A cylinder block of an engine includes water ferrules. The water ferrules serve as a passage for cooling water to enter into the cylinder head and other engine parts for cooling purposes. During an operation of the engine, an area on an upper surface of the cylinder block, proximate to the water ferrule may erode or wear out. The damaged area requires repair as water passing through the water ferrules may leak through the damages into various engine components. This may hamper overall working of the engine.
Methods for sealing the water ferrule includes providing an insert, such that a liquid retention compound and a press fit between the insert and the water ferrule is utilized for the sealing. The sealing provided by this method varies greatly on factors such as surface preparation and cleanliness of the cylinder block and also on the application and curing time of the liquid retention compound. Hence, this method may be a time consuming process.
U.S. Pat. No. 6,971,682 discloses a coupling assembly for fuel transfer includes a first inner conduit attached to a first ferrule adapter and a second inner conduit attached to a second ferrule adapter. An inner conduit coupling engages the first inner conduit sealing mechanism and the second inner conduit sealing mechanism, thereby connecting the first inner conduit to the second inner conduit. A first outer conduit surrounds the first inner conduit. The first outer conduit is attached to the first ferrule adapter and the second outer conduit is attached to the second ferrule adapter. An outer conduit coupling engages the first and second outer conduit sealing mechanism thereby connecting the first outer conduit to the second outer conduit.

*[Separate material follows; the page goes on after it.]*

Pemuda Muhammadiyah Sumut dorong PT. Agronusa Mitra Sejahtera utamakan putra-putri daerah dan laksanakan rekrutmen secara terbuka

In one aspect of the present disclosure, a method for repair of a cylinder block including a water ferrule is disclosed. The water ferrule includes damage in at least one area proximate to the water ferrule. The method includes removing material from the area containing and surrounding the damage. The method also includes providing a counter bore sized to surround the removed material. The counter bore is positioned on one end of the water ferrule, such that a bore of the water ferrule communicates with the counter bore. Further, the counter bore is configured to define a seat at the one end of the water ferrule. The method further includes aligning a sealing member coaxially with the seat of the counter bore. The method includes introducing the sealing member into the seat of the counter bore. The sealing member has an outer diameter lesser than an outer diameter of the counter bore. The method includes aligning an insert coaxially with the sealing member and the seat. The insert includes a stepped portion at one end. The steeped portion extends axially from a side of the insert facing the sealing member. The method also includes introducing the insert into the seat of the counter bore to form an interference fit therewith. The method includes pressing the sealing member against the stepped portion of the insert and the seat. The method further includes providing a seal formed by a combination of the sealing member and the insert within the seat of the counter bore.

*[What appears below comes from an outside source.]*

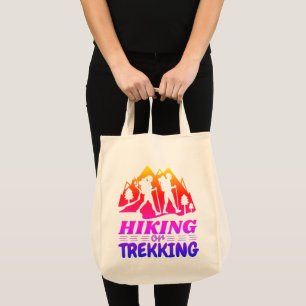 Wandelen of Trekken Tote Bag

In another aspect of the present disclosure, a repaired cylinder block having a water ferrule is disclosed. The water ferrule includes a sealing member provided within a seat defined by a counter bore of the water ferrule. The counter bore is provided on one end of the water ferrule such that the counter bore is sized to surround a material removed from the cylinder block containing damage in at least one area proximate to the water ferrule. An outer diameter of the sealing member is less than an outer diameter of the counter bore. Further, an insert is provided within the seat, such that the insert forms an interference fit with the seat of the counter bore. Further, the sealing member is configured to press against the stepped portion of the insert and the seat such that a combination of the sealing member and the insert forms a seal within the seat of the counter bore.
Other features and aspects of this disclosure will be apparent from the following description and the accompanying drawings.
Wherever possible the same reference numbers will be used throughout the drawings to refer to the same or the like parts. Referring to
The engine includes a cylinder head (not shown) and the cylinder block 100. The cylinder block 100 includes a plurality of cylinders 102. Each of the plurality of the cylinders 102 may be configured to house a piston (not shown). Further, a bore of the cylinder 102 may include a cylinder liner (not shown) provided between the piston and the cylinder bore. A gasket (not shown) may be provided between the cylinder head and the cylinder block 100. The gasket may include a plurality of holes provided thereon. The gasket is configured to seal the cylinders 102 to provide maximum compression and prevent leakage of a coolant or engine oil into the cylinders 102.
Additionally, the cylinder block 100 and the cylinder head may include a plurality of apertures 104. The plurality of apertures 104 on the cylinder block 100 and the cylinder head may be aligned with the holes provided on the gasket in order to attach the cylinder block 100 to the gasket and the cylinder head. As seen in the accompanying figures, the cylinder block 100 includes a plurality of water ferrules 106. The water ferrules 106 are provided in the cylinder block 100 to circulate water around the cylinders 102 and also into the cylinder head. Further, a water pump (not shown) may be associated with the engine to push cooling water into the water ferrules 106.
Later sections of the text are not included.